Autor de raríssimos 3 volumes de histórias curtas, os celebrados “A mãe e o filho da mãe”, “A máquina de fazer amor” e “Minha bela putana”, Wander Piroli foi logo reconhecido como praticante de um “humanismo de negação”, no dizer de Franco Basaglia e Antonio Hohlfeldt, concedendo ao leitor seu testemunho de profundo otimista em relação à raça humana, ao mesmo tempo em que narra histórias absolutamente pessimistas. Seus personagens são os marginalizados de baixa extração social, os pedreiros e favelados, as prostitutas e cafetões e as marionetes atadas às convenções do inescapável jogo social de matrimônio e do trabalho, e os seus consequentes vícios para suportar a dor em decorrência de ambas as rotinas.

Dos venenos anti-monotonia para sobreviver ao tédio dos mecanismos de trator da vida moderna até o cotidiano facínora das zonas do baixo meretrício, o escritor belorizontino nascido em 1930 no bairro operário da Lagoinha soube abençoar com seu olhar piedoso os personagens da vida real imersos nas sombras da violência. É com esse olhar que ele os ilumina e resgata de sua vida insípida e desumana, e nisto se iguala a outros autores da literatura universal, como Knut Hamsun, John Fante, William Saroyan ou Charles Bukowski, além de ter influenciado importantes escritores brasileiros contemporâneos como Luiz Ruffato e Marçal Aquino. Essa vertente realista da literatura de Piroli, aliás, em sua linguagem direta, dispensa os aerosóis para disfarçar as inevitáveis moscas que sobrevoam a condição do homem nos subúrbios das grandes cidades de hoje em dia, e antecipou a recente voga de autores como Ferréz e Paulo Lins.
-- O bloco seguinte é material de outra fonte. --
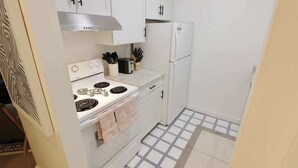 A compact kitchen with white cabinets, a stove, a refrigerator, and a tiled floor. - Capitol Hill & Penn - Steps from Eastern Market (Washington)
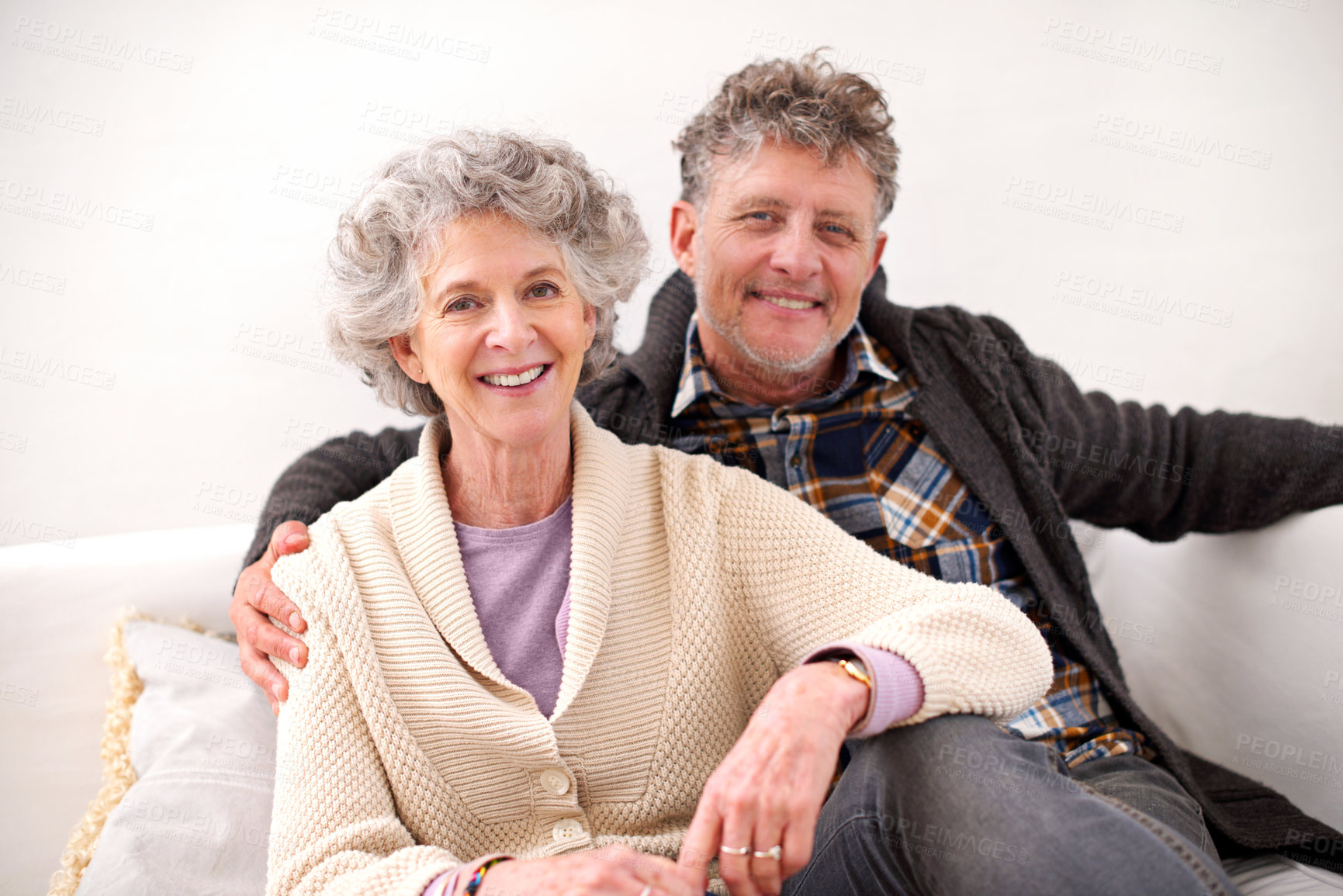 Buy stock photo Portrait of a loving senior couple sitting together on a sofa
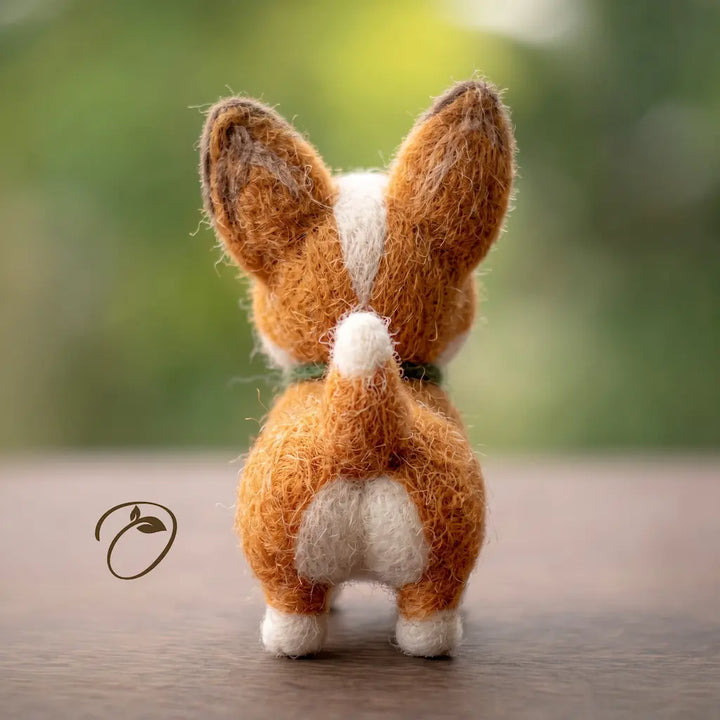 Back view of corgi wool felt figurine with upright ears and white-tipped tail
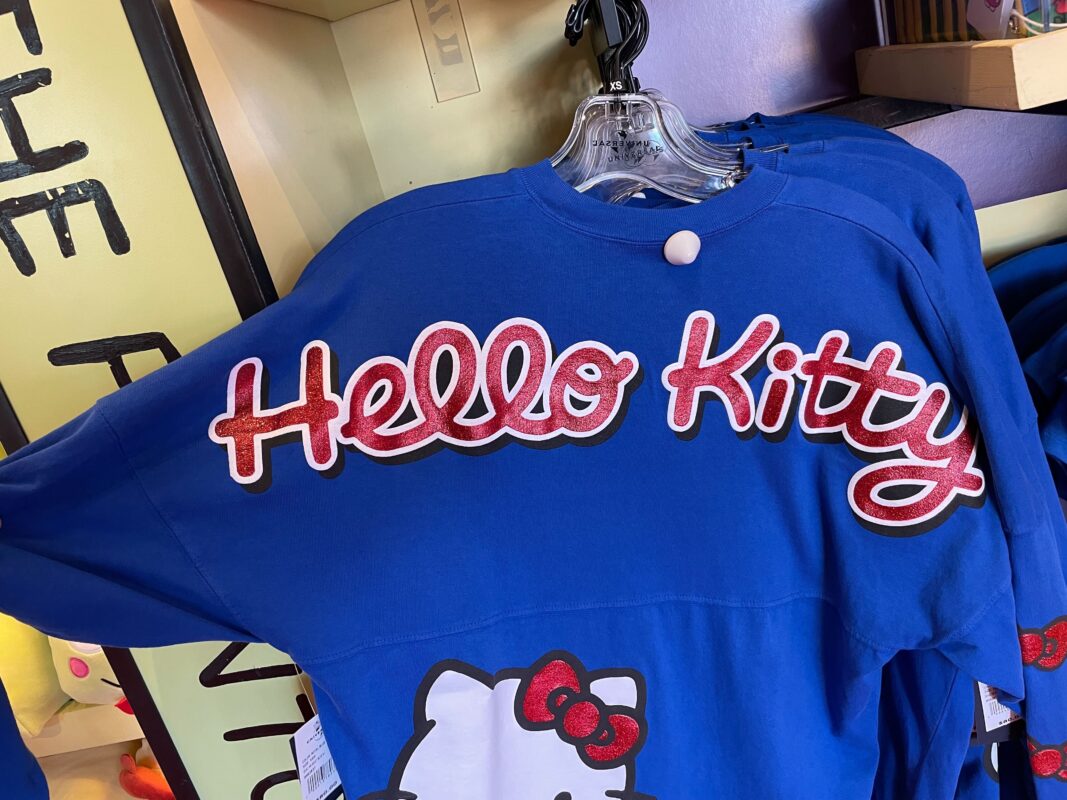 A blue Hello Kitty Spirit Jersey with "Hello Kitty" written in red and white letters on display at Universal Orlando Resort. The shirt features a partial image of the Hello Kitty character's face with a red bow.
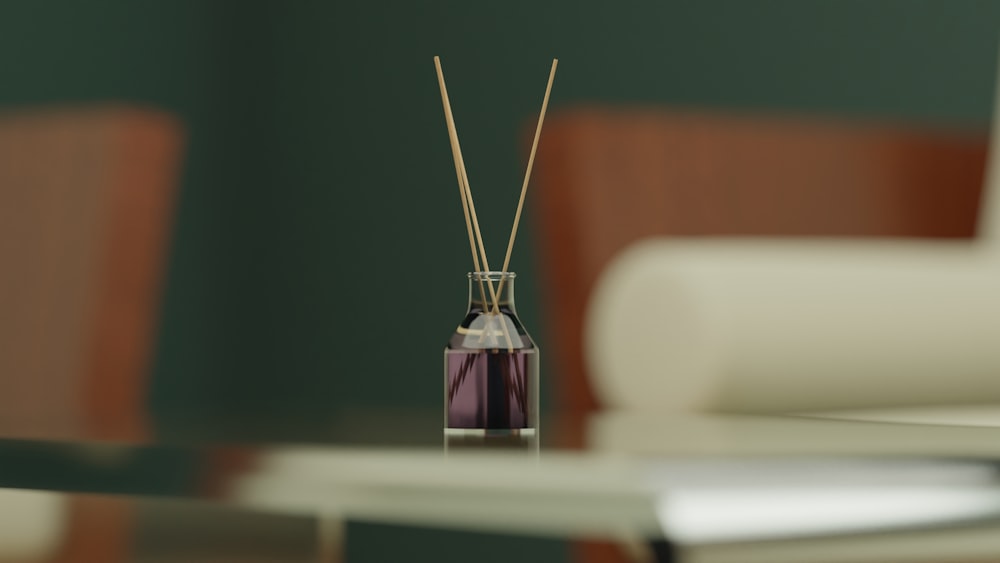 a glass vase with reeds in it sitting on a table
Vítima de um derrame em 1996 e morto em junho de 2006, Wander Piroli não teve livros editados nos últimos 22 anos, mas agora enfim surgem à luz livros inéditos produzidos nesse período de ocaso. O volume de contos “É proibido comer a grama” e o romance “Eles estão aí fora” permitem que o grande escritor das pessoas minúsculas ressurja, e com eles dá ao leitor brasileiro a oportunidade de redescobrir o que não deve ser esquecido.

Nota do Blog PICINEZ
O escritor Wander Piroli teve seu livro “A Mãe o Filho da Mãe” reeditado em 2003 pela Editora Oficina da Palavra, de Teresina-Piauí, onde esteve para o lançamento.